We kind of had a lot of snow yesterday (enough that Victoria and snow were Jian’s opening essay on Q this morning). I ended up walking to work where about six of our staff of over 20 made it in for staff meeting. Of fully booked schedules for the doctors, about six patients showed up. I went home early.
I don’t remember having seen that much snow all from the sky here for that long of a period of time (virtually all day from 5:30 onward) in a long while. With the snow, it has gotten cold, cold by Victoria in February standards. It is well below zero outside at the moment and the snow shows no sign of leaving any time soon.
Consequently, I stayed home today. So far, I have gone up and down between floors, made bread, caught up with the computer work I’ve been avoiding for a few days, did some knitting, and contemplated doing some research for my clients. I am still in my pjs. Did I mention it is half past noon? Snow days are a glorious thing and since we get so few of them on the South Island, I am milking it for all it is worth.
That isn’t to say that I am doing nothing! Last night I cycled across town to meet a friend for dinner. She is visiting from out of town on a work trip and it was easiest if I made my way to her. The roads looked alright (and the main roads were fine) so I headed out on my bicycle. It would have taken me easily three times as long on the bus.
This afternoon, I again have to cycle across town towards the highway to help out at an after school club at an elementary school. Then I’ll head downtown, again on the bike, to meet friends for our weekly coffee gathering. Then it is the opera this evening. So I’ll be out in the cold soon enough. Until then, I’m enjoying the warmth of tea and a fireplace from the comfort of my couch.
Without breaking my “don’t talk about work on the blog” rule, I feel that I can say that this week is going to be a busy one.

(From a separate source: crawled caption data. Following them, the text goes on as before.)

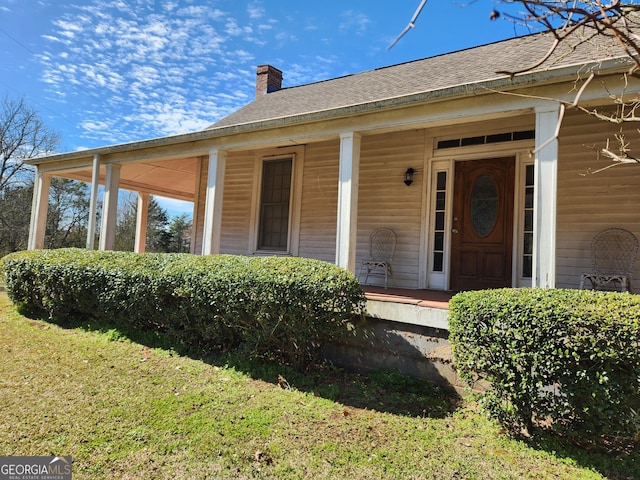 doorway to property with a shingled roof, covered porch, a yard, and a chimney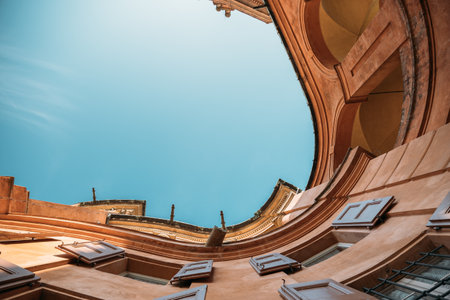 Bottom up view amazing old building tenement houses in italy with rounded swirling shape overlooking blue clear sky on a sunny warm summer day. Concept of a unique architectural heritage. Copyspaceの写真素材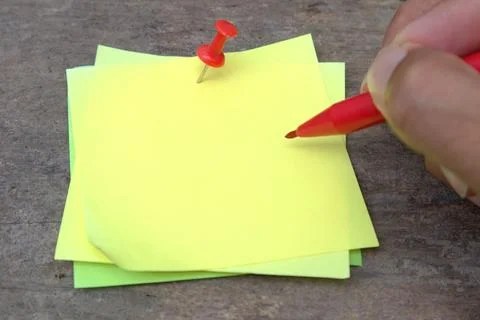 Hand holding a marker to write on a yellow Stiki note attached to a wooden .. Stock Photos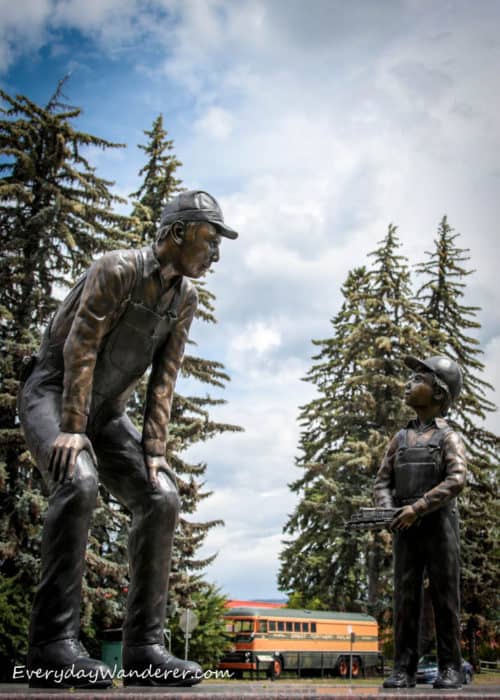 Statue of train conductor and boy by train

I have more appointments this week than I’ve had any other so far and most of them are concentrated onto two days. It is good to be busy but I’m also hoping that it doesn’t drain me too much. I’m leaning a lot about making sure I get enough sleep!
It was a good weekend though. My roommate had a birthday on the weekend and her boyfriend and I managed to get a whole bunch of her friends over for a surprise board game night. I got home from work and had to wait until she left the house for a soccer game before I could make cupcakes in order to have them ready 2 hours later! I now know that putting them in the freezer for about 10 minutes after baking cools them sufficiently to ice. Nut/Dairy-free (as they need to be in our house) Chocolate cupcakes with caramel icing!
From time to time, a patient at work will ask me how much school is required to do my job. I have to be honest and say that I have had none specific for my position; everything I know about my work has been learnt on the job.
Today, when a patient asked that and after I explained that I’d been doing this for six years and had learnt a lot as I went, he responded, “Its nice to know that there are still some jobs left where you don’t need any school.”
I know it was not meant in a condescending way and I know that there should be no offense taken, but I always take offense in situations like that. I have done seven years of post-secondary education and have three pieces of paper to prove it; I’m working on the fourth piece of paper. I feel like I deserve a little credit for that.
Next time when someone asks me that question, I’ll tell them “None is required, but I’m working on my Masters degree” and just leave it at that.
So I get to do a bit of work over the next bit! It likely isn’t going to be full time (which is just fine with me!) but I will get to pick up a few hours/days here and there at the optometrist I used to work at. So it is back to eye testing for me! It will give me something to do over the next little while and make some money at the same time.